**Exercise prompt:** Return exactly the span of lines that opens with the line containing "Set (Zwart, Wit) van RIO Polyester" and closes with the last line of the data, inclusive.

**Caption-style text data:**
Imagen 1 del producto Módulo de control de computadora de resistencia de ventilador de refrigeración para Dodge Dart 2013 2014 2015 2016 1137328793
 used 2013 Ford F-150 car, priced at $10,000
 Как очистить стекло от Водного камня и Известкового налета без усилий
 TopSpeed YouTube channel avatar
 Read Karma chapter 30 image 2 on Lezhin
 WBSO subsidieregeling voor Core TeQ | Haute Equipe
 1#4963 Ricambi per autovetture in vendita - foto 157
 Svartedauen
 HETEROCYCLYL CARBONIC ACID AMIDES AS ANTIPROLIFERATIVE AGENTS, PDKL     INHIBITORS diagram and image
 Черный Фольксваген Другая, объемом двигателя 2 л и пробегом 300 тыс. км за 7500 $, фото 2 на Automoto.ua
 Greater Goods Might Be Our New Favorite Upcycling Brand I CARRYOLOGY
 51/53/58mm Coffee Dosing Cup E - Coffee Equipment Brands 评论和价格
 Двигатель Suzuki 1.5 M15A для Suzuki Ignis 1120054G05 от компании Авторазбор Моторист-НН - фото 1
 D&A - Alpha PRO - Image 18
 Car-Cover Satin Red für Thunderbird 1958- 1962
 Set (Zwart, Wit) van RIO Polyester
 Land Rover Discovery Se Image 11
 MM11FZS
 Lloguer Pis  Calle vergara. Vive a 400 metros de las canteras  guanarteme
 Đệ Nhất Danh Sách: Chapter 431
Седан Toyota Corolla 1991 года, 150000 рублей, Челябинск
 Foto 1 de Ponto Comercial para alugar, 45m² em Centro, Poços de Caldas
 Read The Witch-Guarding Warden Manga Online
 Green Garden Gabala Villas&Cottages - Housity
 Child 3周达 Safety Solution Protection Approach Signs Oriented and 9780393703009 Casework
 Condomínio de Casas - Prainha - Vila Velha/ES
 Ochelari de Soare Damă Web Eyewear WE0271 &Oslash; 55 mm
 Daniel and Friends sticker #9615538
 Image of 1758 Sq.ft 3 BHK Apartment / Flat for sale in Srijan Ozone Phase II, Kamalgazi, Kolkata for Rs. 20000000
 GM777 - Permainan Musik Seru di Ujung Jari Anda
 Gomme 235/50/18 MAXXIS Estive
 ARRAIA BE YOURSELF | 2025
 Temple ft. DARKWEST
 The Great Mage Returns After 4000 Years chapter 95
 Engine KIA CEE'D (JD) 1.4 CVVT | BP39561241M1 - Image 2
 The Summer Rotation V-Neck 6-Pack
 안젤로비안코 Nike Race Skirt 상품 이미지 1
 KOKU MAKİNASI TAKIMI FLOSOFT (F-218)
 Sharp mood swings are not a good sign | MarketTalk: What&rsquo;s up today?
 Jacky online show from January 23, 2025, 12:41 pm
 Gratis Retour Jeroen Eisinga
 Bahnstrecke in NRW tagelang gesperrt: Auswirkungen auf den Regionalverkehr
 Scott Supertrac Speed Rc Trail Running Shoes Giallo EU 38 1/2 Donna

**Result:**
 Set (Zwart, Wit) van RIO Polyester
 Land Rover Discovery Se Image 11
 MM11FZS
 Lloguer Pis  Calle vergara. Vive a 400 metros de las canteras  guanarteme
 Đệ Nhất Danh Sách: Chapter 431
Седан Toyota Corolla 1991 года, 150000 рублей, Челябинск
 Foto 1 de Ponto Comercial para alugar, 45m² em Centro, Poços de Caldas
 Read The Witch-Guarding Warden Manga Online
 Green Garden Gabala Villas&Cottages - Housity
 Child 3周达 Safety Solution Protection Approach Signs Oriented and 9780393703009 Casework
 Condomínio de Casas - Prainha - Vila Velha/ES
 Ochelari de Soare Damă Web Eyewear WE0271 &Oslash; 55 mm
 Daniel and Friends sticker #9615538
 Image of 1758 Sq.ft 3 BHK Apartment / Flat for sale in Srijan Ozone Phase II, Kamalgazi, Kolkata for Rs. 20000000
 GM777 - Permainan Musik Seru di Ujung Jari Anda
 Gomme 235/50/18 MAXXIS Estive
 ARRAIA BE YOURSELF | 2025
 Temple ft. DARKWEST
 The Great Mage Returns After 4000 Years chapter 95
 Engine KIA CEE'D (JD) 1.4 CVVT | BP39561241M1 - Image 2
 The Summer Rotation V-Neck 6-Pack
 안젤로비안코 Nike Race Skirt 상품 이미지 1
 KOKU MAKİNASI TAKIMI FLOSOFT (F-218)
 Sharp mood swings are not a good sign | MarketTalk: What&rsquo;s up today?
 Jacky online show from January 23, 2025, 12:41 pm
 Gratis Retour Jeroen Eisinga
 Bahnstrecke in NRW tagelang gesperrt: Auswirkungen auf den Regionalverkehr
 Scott Supertrac Speed Rc Trail Running Shoes Giallo EU 38 1/2 Donna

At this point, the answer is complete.